* _TASK DETAILS_: Once the line containing "Elegant Navy Blue Sleeveless Dress" is found in the data below, output that line and every line after it through the last, unchanged and with nothing else.

[Brief descriptive captions]
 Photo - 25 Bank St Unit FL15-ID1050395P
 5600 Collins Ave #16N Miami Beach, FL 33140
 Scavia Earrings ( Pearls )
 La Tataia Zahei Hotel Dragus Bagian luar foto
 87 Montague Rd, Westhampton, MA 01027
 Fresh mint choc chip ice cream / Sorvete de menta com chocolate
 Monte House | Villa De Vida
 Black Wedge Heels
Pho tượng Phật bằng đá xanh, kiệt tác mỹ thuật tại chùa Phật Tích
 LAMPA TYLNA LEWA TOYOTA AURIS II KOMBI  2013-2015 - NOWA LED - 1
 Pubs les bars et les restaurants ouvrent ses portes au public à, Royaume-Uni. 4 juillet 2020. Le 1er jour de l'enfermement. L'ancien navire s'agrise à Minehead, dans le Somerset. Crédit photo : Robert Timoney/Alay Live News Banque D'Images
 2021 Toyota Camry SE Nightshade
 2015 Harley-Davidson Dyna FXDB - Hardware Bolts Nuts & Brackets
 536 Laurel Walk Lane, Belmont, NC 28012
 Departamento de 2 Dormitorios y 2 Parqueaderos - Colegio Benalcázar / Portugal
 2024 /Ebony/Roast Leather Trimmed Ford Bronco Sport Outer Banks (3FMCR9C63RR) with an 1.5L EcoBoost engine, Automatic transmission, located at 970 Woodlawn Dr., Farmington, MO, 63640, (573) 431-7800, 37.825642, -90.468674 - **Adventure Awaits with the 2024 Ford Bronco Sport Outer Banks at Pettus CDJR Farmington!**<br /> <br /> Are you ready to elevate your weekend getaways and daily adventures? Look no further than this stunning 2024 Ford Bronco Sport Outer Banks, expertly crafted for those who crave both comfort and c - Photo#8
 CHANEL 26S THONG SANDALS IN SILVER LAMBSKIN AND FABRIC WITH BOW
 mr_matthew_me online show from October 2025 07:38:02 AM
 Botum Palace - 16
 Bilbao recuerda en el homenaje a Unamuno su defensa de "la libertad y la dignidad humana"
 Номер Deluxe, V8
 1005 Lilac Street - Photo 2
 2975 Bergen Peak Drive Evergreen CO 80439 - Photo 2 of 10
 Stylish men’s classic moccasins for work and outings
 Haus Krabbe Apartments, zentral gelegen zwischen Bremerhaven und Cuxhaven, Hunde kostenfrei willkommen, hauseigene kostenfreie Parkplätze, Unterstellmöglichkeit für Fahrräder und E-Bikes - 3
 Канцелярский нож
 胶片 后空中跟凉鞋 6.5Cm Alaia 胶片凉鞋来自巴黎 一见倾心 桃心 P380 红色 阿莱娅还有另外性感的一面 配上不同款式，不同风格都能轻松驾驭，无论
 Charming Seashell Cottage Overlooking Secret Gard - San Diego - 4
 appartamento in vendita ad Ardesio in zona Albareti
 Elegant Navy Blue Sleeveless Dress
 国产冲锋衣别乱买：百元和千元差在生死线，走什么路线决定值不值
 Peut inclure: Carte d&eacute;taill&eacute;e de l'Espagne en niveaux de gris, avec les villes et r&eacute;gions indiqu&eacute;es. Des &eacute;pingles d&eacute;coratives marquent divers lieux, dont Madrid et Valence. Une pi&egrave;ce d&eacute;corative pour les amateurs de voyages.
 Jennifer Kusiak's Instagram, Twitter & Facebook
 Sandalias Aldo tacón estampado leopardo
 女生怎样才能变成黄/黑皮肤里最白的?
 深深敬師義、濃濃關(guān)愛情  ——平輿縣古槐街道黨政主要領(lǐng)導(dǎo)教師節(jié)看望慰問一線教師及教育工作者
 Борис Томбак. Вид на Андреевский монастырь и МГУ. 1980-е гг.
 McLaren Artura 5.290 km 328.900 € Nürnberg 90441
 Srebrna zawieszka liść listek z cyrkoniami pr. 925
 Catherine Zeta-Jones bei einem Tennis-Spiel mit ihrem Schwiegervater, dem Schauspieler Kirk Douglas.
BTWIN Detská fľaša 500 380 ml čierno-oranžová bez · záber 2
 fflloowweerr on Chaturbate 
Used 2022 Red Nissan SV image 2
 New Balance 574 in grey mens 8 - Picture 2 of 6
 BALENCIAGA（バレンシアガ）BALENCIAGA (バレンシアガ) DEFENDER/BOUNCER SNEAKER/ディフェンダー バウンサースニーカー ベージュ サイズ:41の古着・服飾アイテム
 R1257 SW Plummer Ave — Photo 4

* _TASK ANSWER_:
 Elegant Navy Blue Sleeveless Dress
 国产冲锋衣别乱买：百元和千元差在生死线，走什么路线决定值不值
 Peut inclure: Carte d&eacute;taill&eacute;e de l'Espagne en niveaux de gris, avec les villes et r&eacute;gions indiqu&eacute;es. Des &eacute;pingles d&eacute;coratives marquent divers lieux, dont Madrid et Valence. Une pi&egrave;ce d&eacute;corative pour les amateurs de voyages.
 Jennifer Kusiak's Instagram, Twitter & Facebook
 Sandalias Aldo tacón estampado leopardo
 女生怎样才能变成黄/黑皮肤里最白的?
 深深敬師義、濃濃關(guān)愛情  ——平輿縣古槐街道黨政主要領(lǐng)導(dǎo)教師節(jié)看望慰問一線教師及教育工作者
 Борис Томбак. Вид на Андреевский монастырь и МГУ. 1980-е гг.
 McLaren Artura 5.290 km 328.900 € Nürnberg 90441
 Srebrna zawieszka liść listek z cyrkoniami pr. 925
 Catherine Zeta-Jones bei einem Tennis-Spiel mit ihrem Schwiegervater, dem Schauspieler Kirk Douglas.
BTWIN Detská fľaša 500 380 ml čierno-oranžová bez · záber 2
 fflloowweerr on Chaturbate 
Used 2022 Red Nissan SV image 2
 New Balance 574 in grey mens 8 - Picture 2 of 6
 BALENCIAGA（バレンシアガ）BALENCIAGA (バレンシアガ) DEFENDER/BOUNCER SNEAKER/ディフェンダー バウンサースニーカー ベージュ サイズ:41の古着・服飾アイテム
 R1257 SW Plummer Ave — Photo 4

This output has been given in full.